Which I recognize is an encoding problem. In order to get the lyrics off of the website, I download the entire webpage source, extract everything between a startTag and endTag and then strip all the HTML using this code:


set plaintextLyrics to my (removeMarkup from strippedLyrics)

to removeMarkup from someText -- strip HTML using textutil
	set someText to quoted form of ("<!DOCTYPE HTML PUBLIC>" & someText) -- fake a HTML document header
	return (do shell script "echo " & someText & " | /usr/bin/textutil -stdin -convert txt -stdout") -- strip HTML
end removeMarkup

I have seen discussions of how to change encodings for files that are written to disc, but nothing on what to do on a string within AppleScript.

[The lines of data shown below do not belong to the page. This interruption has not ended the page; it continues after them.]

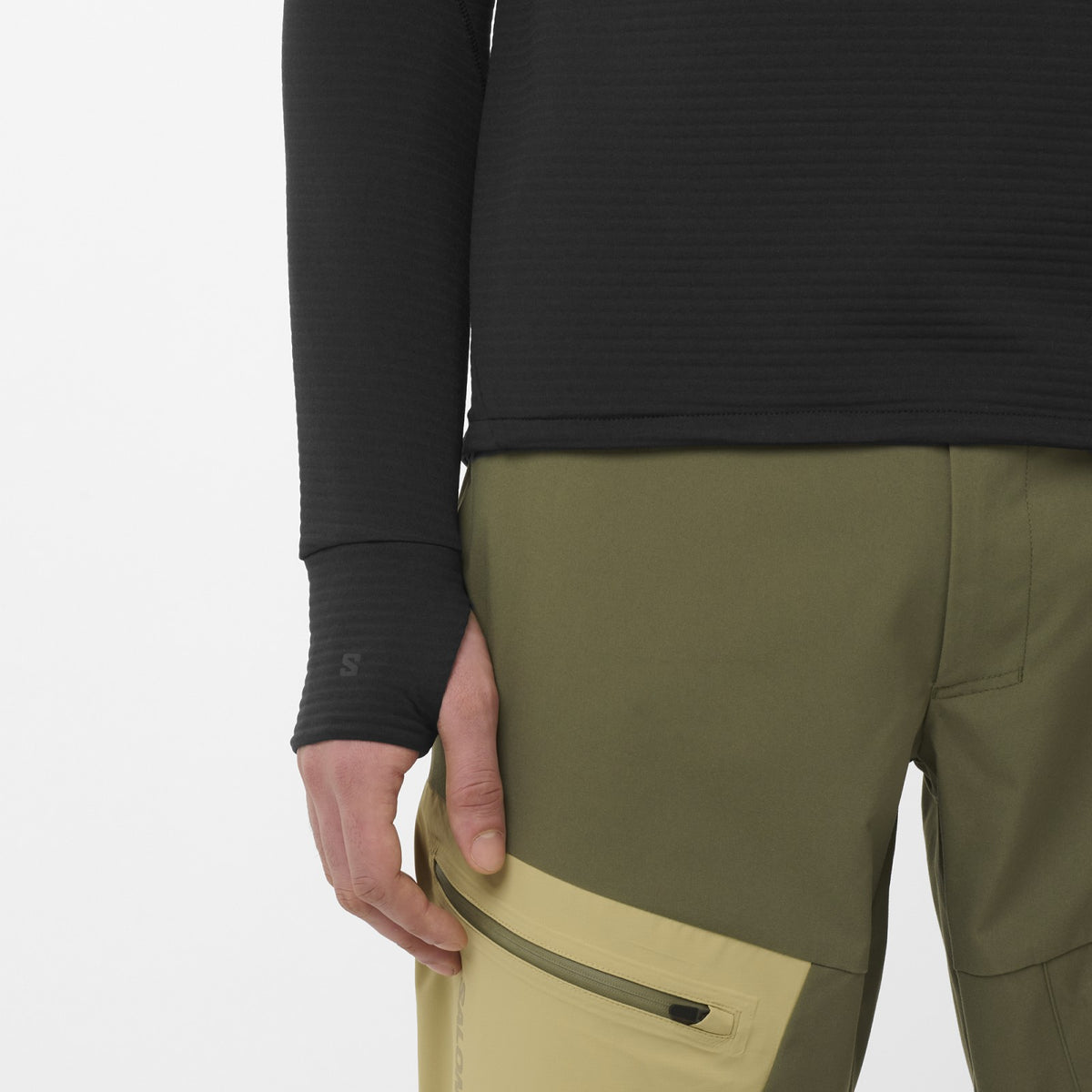 ESSENTIAL LIGHTWARM Black | Salomon Value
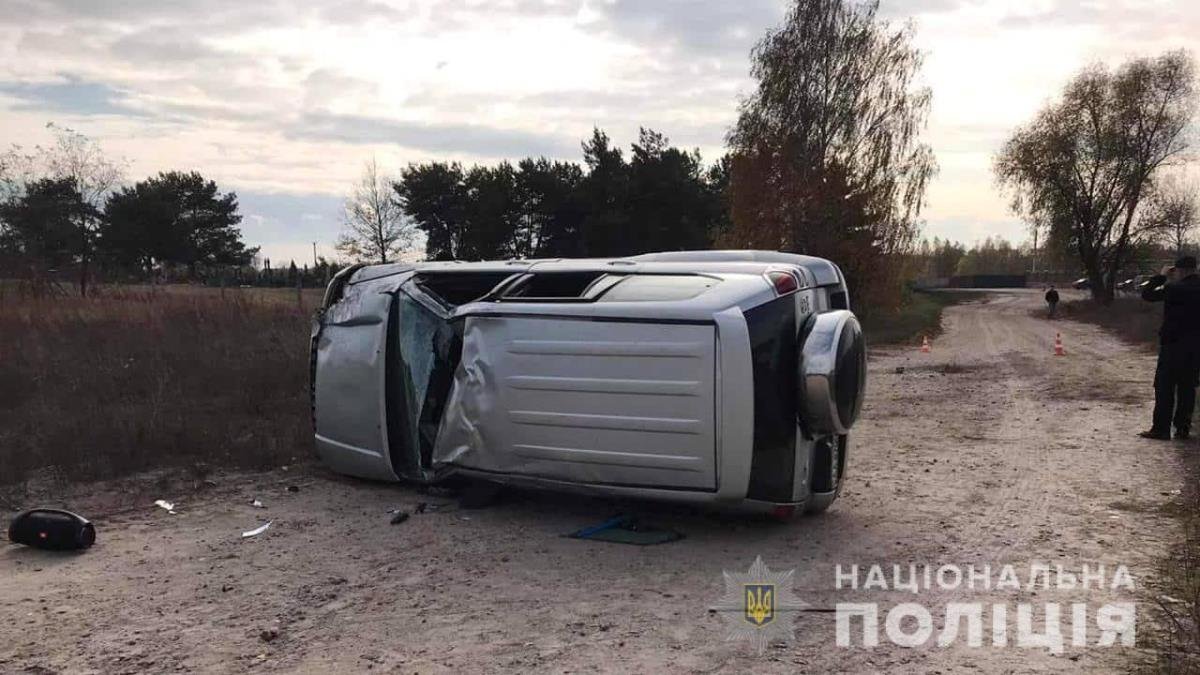 Под Киевом перевернулся внедорожник: погиб 14-летний водитель, два подростка в больнице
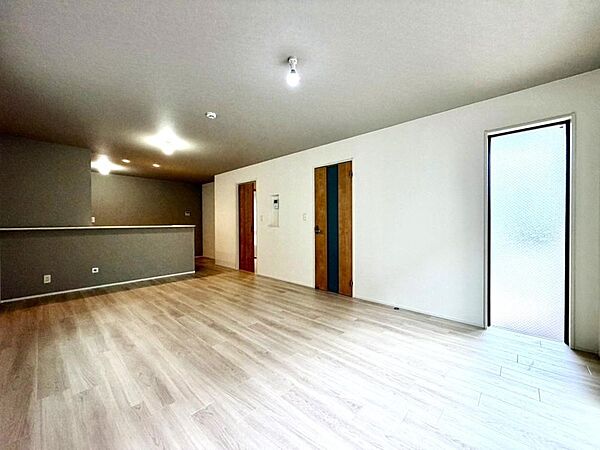 室内リフォーム実施、綺麗な室内で気持ちよく新生活をスタートできます。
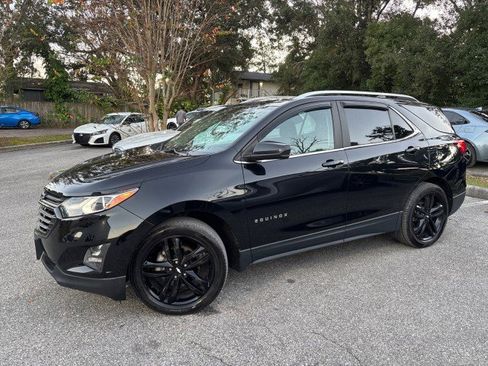 Used 2021 Chevrolet Equinox LT image 3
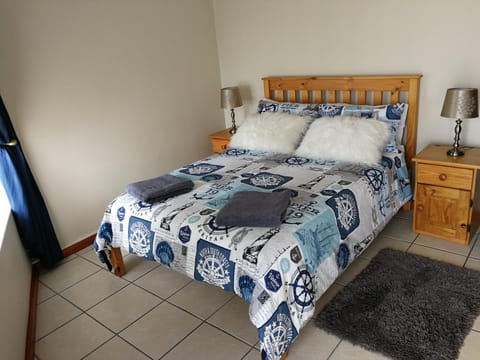 Bed, Photo of the whole room, Sea view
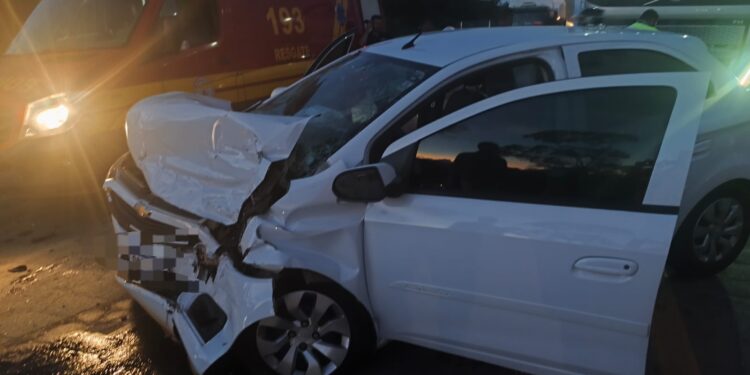 Formiga: acidente na MG-050 foi provocado por mal súbito de motorista, segundo Corpo de Bombeiros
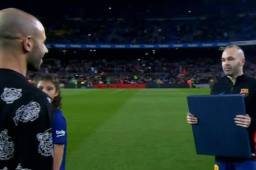 Andrés Iniesta, capitán del Barcelona, le entregó una camisa a Mascherano. ¡Para el recuerdo!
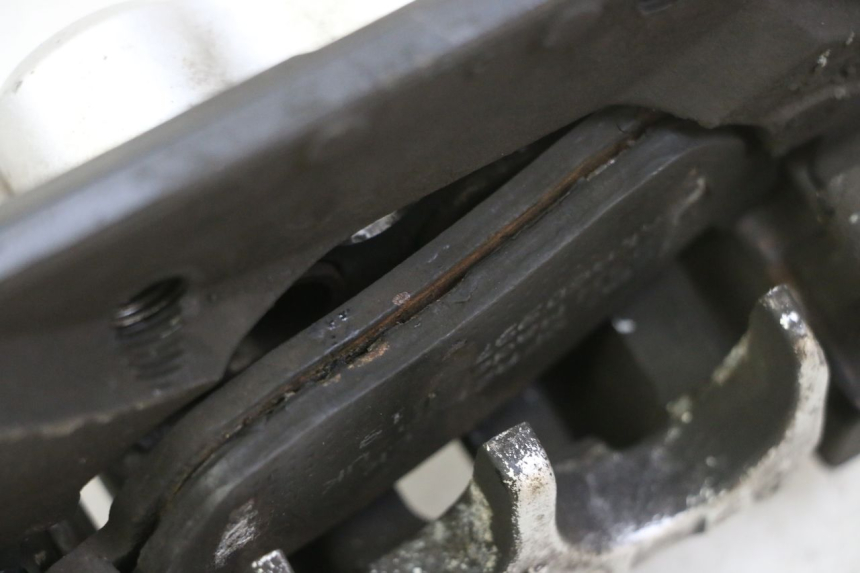 photo de REAR BRAKE CALIPER YAMAHA X-MAX XMAX 250 (2006 - 2009)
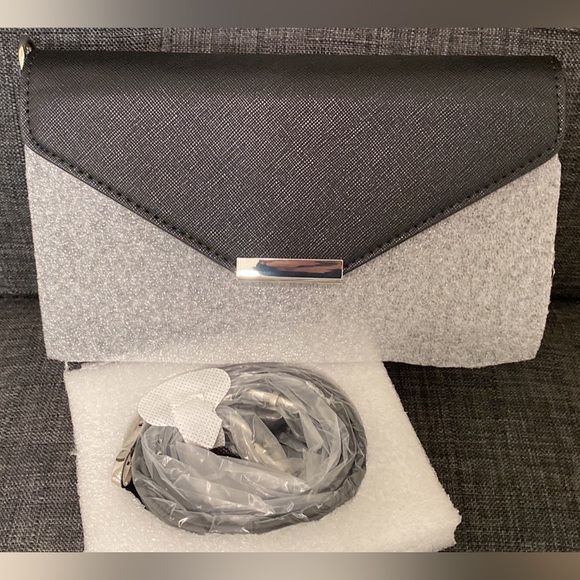 Touch Screen Purse - Picture 5 of 9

Is there a way to find/replace or otherwise fix the offending apostrophe and any other characters that are messed up?

Hi.

Using textutil’s -inputencoding option to tell it the input’s UTF-8 seems to help:


set plaintextLyrics to my (removeMarkup from "What's going on in that beautiful mind<p>
I'm on your magical mystery ride<p>
"Posh quotes"<p>
La Niña<p>
Łódź")

to removeMarkup from someText -- strip HTML using textutil
	set someText to quoted form of ("<!DOCTYPE HTML PUBLIC>" & someText) -- fake a HTML document header
	return (do shell script "echo " & someText & " | /usr/bin/textutil -stdin -inputencoding UTF-8 -convert txt -stdout") -- strip HTML
end removeMarkup

Thank you so much Nigel!

I had come across the -UTF-8 option of textutil, but apparently I had mangled the syntax. This version works perfectly (until I find some lyrics site that requires ISO8859-1, and the UTF-8 encoding messes it up and needs to be deleted… why don’t songs just come with lyrics?).

Thank you once again! I hope this thread helps someone in the future.